You have a number of options. With any vision application, your physical conditions (lighting, shadows, dimension of the visual field, etc) will drive your vision system design.
The complexity of your your correction will also be a factor. For example, if you're welding parts that are lying on a table and only need to correct positionally along the surface of the table, and maybe rotate around the vertical axis, you could get away with using one camera. For more complex corrections and rotations in/around all three spatial axes, you might need multiple cameras, or multiple shots with a single camera from multiple locations, or even multi-camera stereo vision. The complexity increases geometrically.
Then there's the question of integrating the system to your robot. That gets into a whole laundry list of compatibility issues, and questions of just how much time, money, and skill you have to apply to developing the solution. I recommend finding a reputable vision vendor or integrator and getting an estimate so as to establish a baseline.
If you really want to try it on your own, here's a fairly typical Cognex camera that I know does good work:
http://cgi.ebay.com/Cognex-automation-camera-vision-system-intergration_W0QQitemZ190350253898QQcmdZViewItemQQptZLH_DefaultDomain_0?hash=item2c51c25f4a. But there's no way know if the lens is correct for your application. In the vision biz, lenses can easily cost much more than the cameras they're attached to.
And to
program the camera, you'll have to have the Cognex Insight software, and learn how to use it. The Cognex cameras are pretty good, overall, and aren't too hard to use, but it does take work to learn how to program them properly.

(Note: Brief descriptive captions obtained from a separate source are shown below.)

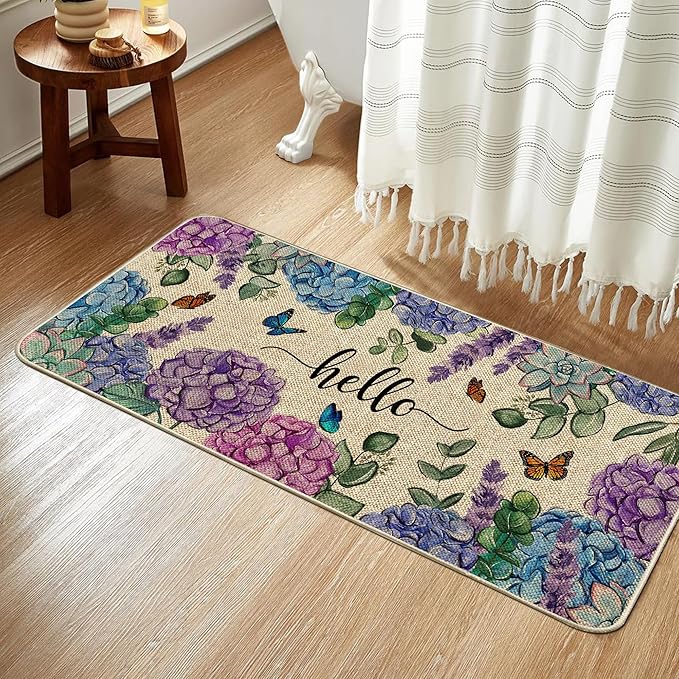 Welcome Spring Door Mat Hydrangea Flowers Floral Doormat Indoor Outdoor Entrance Outdoor Rug Low-Profile Floor Rug Non Slip Spring Summer Decor Rubber Mats for Home Decoration 17x36Inch
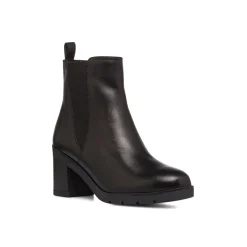 Clearance Stivaletti in pelle con tacco 7 cm neri da donna Donna Stivaletti Donna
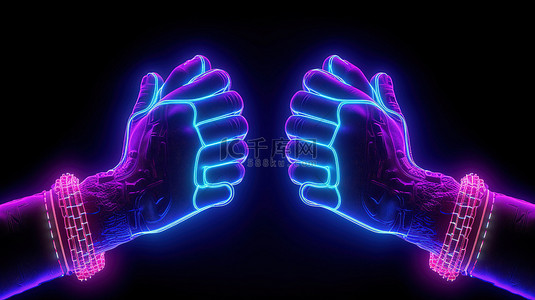 霓虹灯照亮的两只手的当代 3D 图形
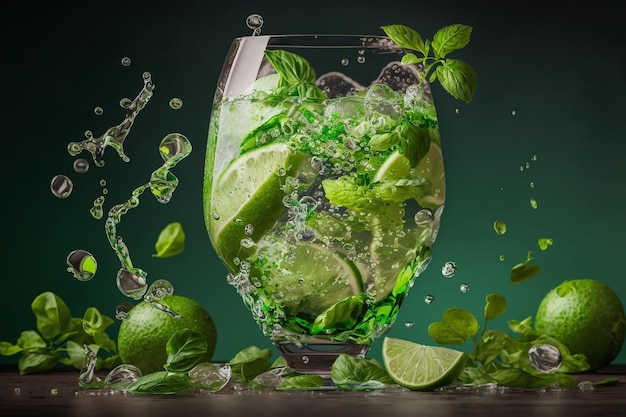 Mojito fresco frío con menta helada y lima en una ilustración de bebida de verano AI generativa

Then there's integrating the camera to your robot. First you have to find a workable data connection on both ends, which might not be as simple as it sounds. If your robot supports basic "pseudo-telnet" TCP/IP data string transfers, at least some of the Cognex Insight cameras support it. Then you have to translate the data into the robot's frame of reference, which generally means setting up some kind of calibration process for the camera.